Some of the most popular questions I receive are: Do we shear the sheep? Why do we shear the sheep? When do we shear the sheep? How do we shear the sheep? And what do we do with the fleeces?
Most sheep do not have the ability to shed like your dog. If they are not shorn the fleece will continue to grow becoming felted and heavy, posing potential health risks like fly strike which is very unpleasant for the sheep and shepherd alike. The time of year and the number of times a year sheep are shorn is dependent on many things like the producers’ purpose of production, fiber length needed for the targeted market, the breed, the geological location and timing of the markets demand, to name a few.
Here at NCF Squam Farm we time things a bit differently than most producers. Our top priority is land management instead of selling at markets.
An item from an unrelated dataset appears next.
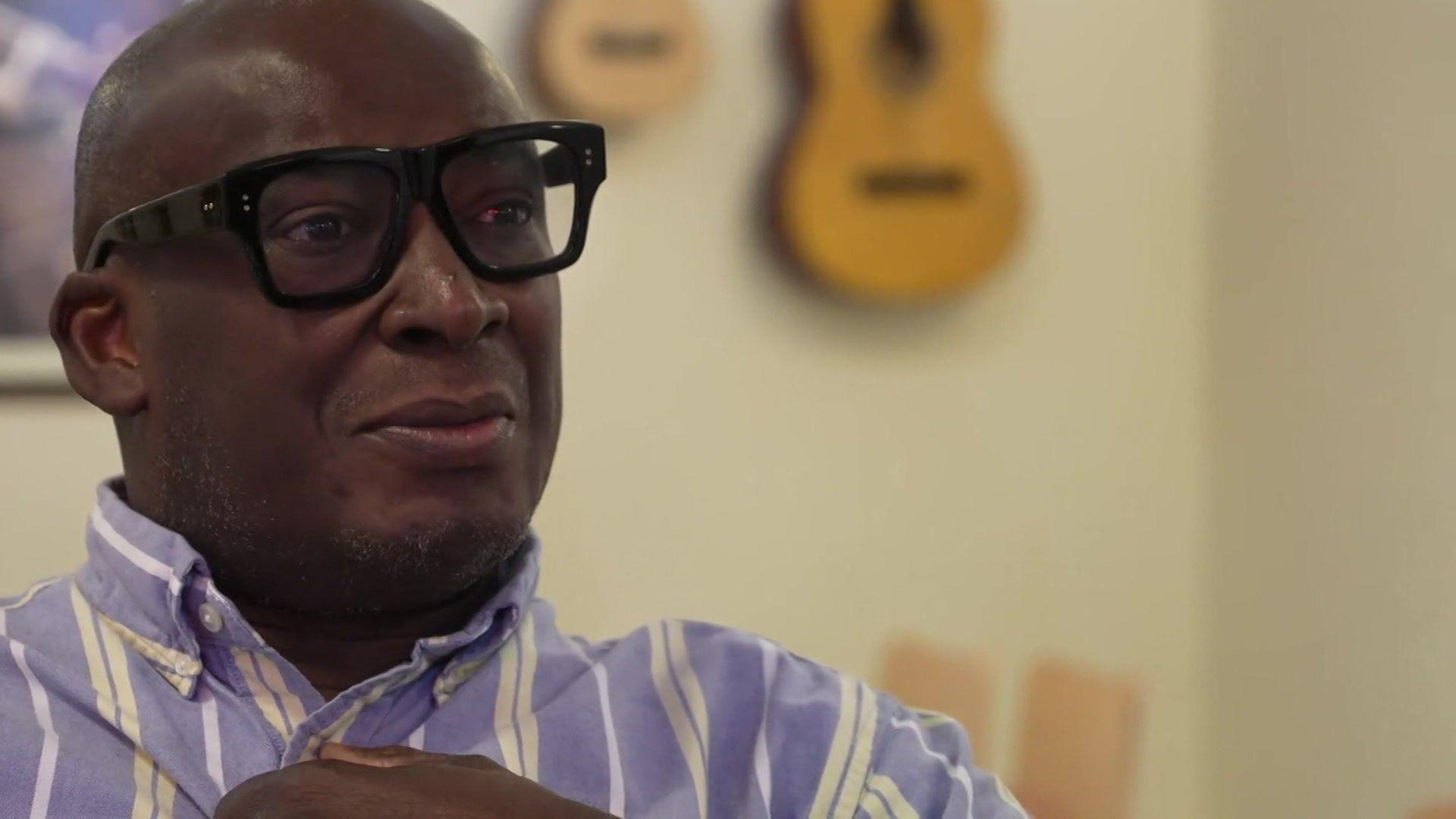 Mr Geohagen in a blue and white stripe shirt. He has black framed glasses.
We time events such as lambing and shearing around where the sheep need to be for optimal grazing effectiveness. So we shear between the end of March and the first of April. This is a few weeks before lambing is due to start. This helps the ewes be more comfortable in late gestation; losing 10 pounds while carrying twins is quit a relief! It makes for a much cleaner birth and makes it easier and cleaner for lambs to nurse. The ewes are more in tune with weather conditions when it comes to their newborns’ needs. Shearing before lambing time also improves the value of the wool. Normally, the stress of lambing causes a small break in the wool fiber. If this break is at the end of the fiber because the ewe was shorn close to lambing, it doesn’t reduce the value of the wool. If the ewes are shorn after lambing, this break also poses challenges to the shearer along with making the fiber less useful.
I know your next thought is: won’t the sheep be cold that time of year? Especially this year! The answer is yes and no. Sheep are at more health risk when freshly shorn on hot summer days, believe it or not. They are more prone to having heat stroke and damaging sun burn from losing their fleece than having negative health effects from being a little chilly. Their internal furnace works much better than their air conditioner. I will provide them with fields where they can get out of the wind and a little extra feed to aid in keeping them comfortable in inclement weather.
I do not shear the sheep myself. Sheep shearing is a specialized skill that takes years of practice and is very physically challenging. We are lucky to have an excellent on island sheep shearer Eric Shoemaker. Thanks Eric!!
What do we do with the fleeces? Some of the fleece we have processed into different yarns and roving at Twist of Fate Spinnery, a small family run spinnery in CT.
Those products you can purchase at Flock, The Cranberry Festival or through the NCF office – just give us a call (508) 228-2884. Some of the yarn will be woven into blankets and sold at Nantucket Looms on Main St. The rest of the fleeces are purchased by the RH Lindsey Company, a wool merchant company in Boston. The funds raised from selling the fleece help support the NCF sheep program, particularly expenses such as feed.